PrEP in Europe bietet Informationen und News zu politischen Entscheidungen und Debatten um die PrEP in ganz Europa, um Aktivist_innen bei ihrem Umgang mit den Gesundheitssystemen zu unterstützen.

  • Weil die PrEP in Europa von den Steuer- oder Beitragszahler_innen finanziert werden muss, waren die Kosten und die Kosten-Nutzen-Rechnung der PrEP von Beginn an ein zentraler Punkt der Diskussion. Politiker_innen befürchten, dass die Öffentlichkeit nicht bereit ist, für eine relativ kleine Gruppe von Menschen eine teure Methode zum Schutz vor einer sexuell übertragbaren Infektion zu finanzieren, obwohl günstigere Verhütungsmethoden zur Verfügung stehen.

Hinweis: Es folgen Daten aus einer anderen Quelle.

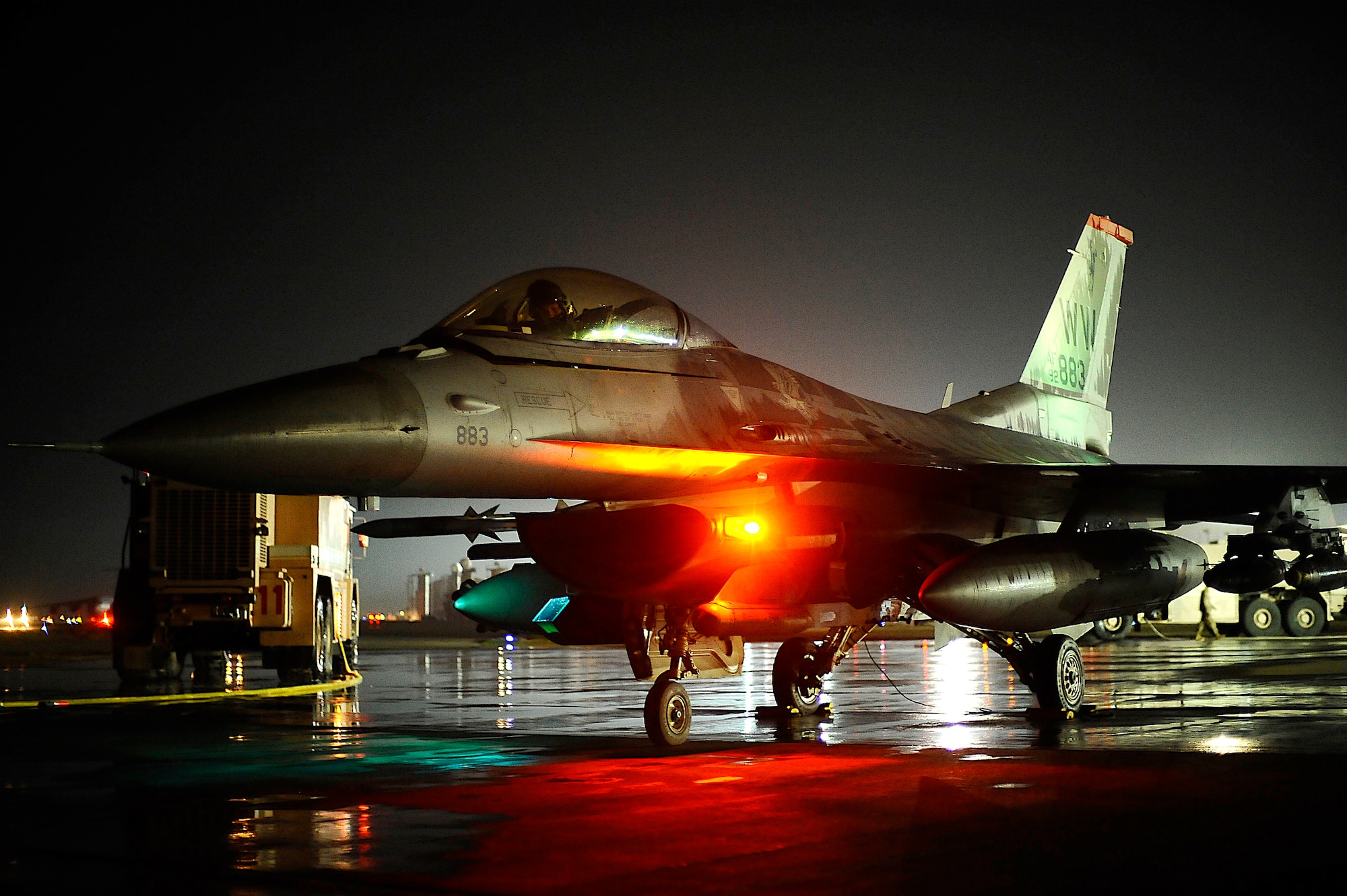 Col. John Dolan, vice commander of the 332nd Air Expeditionary Wing, prepares to egress his aircraft at Joint Base Balad, Iraq, after he completed his 3,000th flying hour in an F-16 Fighting Falcon Dec. 2. Cols. Michael Fantini and David Romuald also completed their 3,000th F-16 flying hour that evening. Approximately 150 F-16 pilots have surpassed this milestone. Fantini is the commander of the 332nd Expeditionary Operations Group and Romauld is the 332nd Expeditionary Operations Group deputy commander. (U.S. Air Force photo/Airman 1st Class Jason Epley)(Released)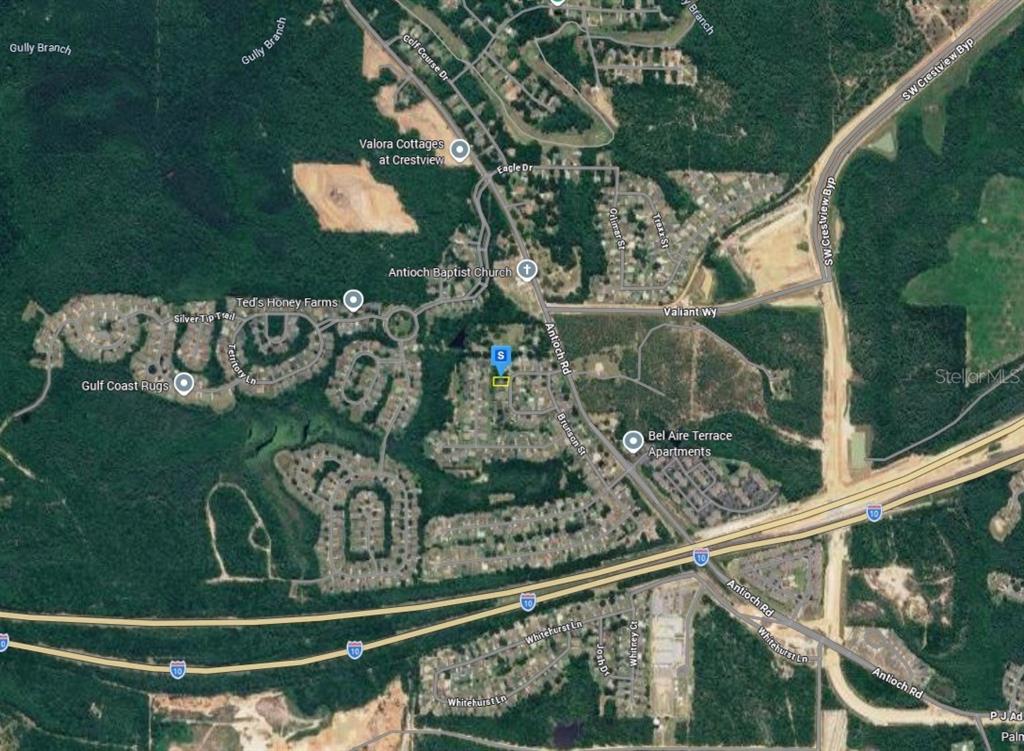 This is an aerial map view showing residential neighborhoods, roads, and surrounding wooded areas — 921 MARACEL LOOP, CRESTVIEW, FL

PrEP in Europe wird einen Wegweiser zu den Ergebnissen von Kosten-Nutzen-Berechnungen zur PrEP zur Verfügung stellen und Verhandlungen über die Bereitstellung von günstigeren Generika dokumentieren.

 

  • Komplexe und dezentrale öffentliche Gesundheitssysteme. In Europa gibt es mindestens so viele Gesundheitssysteme wie Länder. In vielen Ländern werden verschiedene Bereiche des Gesundheitssystems – zum Beispiel Notfallversorgung, spezialisierte Versorgung, Grundversorgung – von unterschiedlichen Gremien organisiert. Die PrEP ist eine verwaltungstechnische Herausforderung, denn ein Medikament, das bislang für eine eng begrenzte medizinische Indikation eingesetzt wurde, soll nun im Sinne der öffentlichen Gesundheit eingesetzt werden. Die öffentliche Gesundheit aber kümmert sich um alles Mögliche zwischen Raucherentwöhnung und Ernährungsratschlägen, und die Verantwortung dafür liegt in vielen europäischen Ländern in den Händen regionaler oder örtlicher Behörden und nicht beim Gesundheitssystem.

PrEP in Europe bietet eine Diskussions-Plattform und einen Führer durch den Dschungel der komplexen unterschiedlichen Gesundheitssysteme, um den Dialog darüber zu fördern, wie man auf politischer Ebene damit umgehen kann.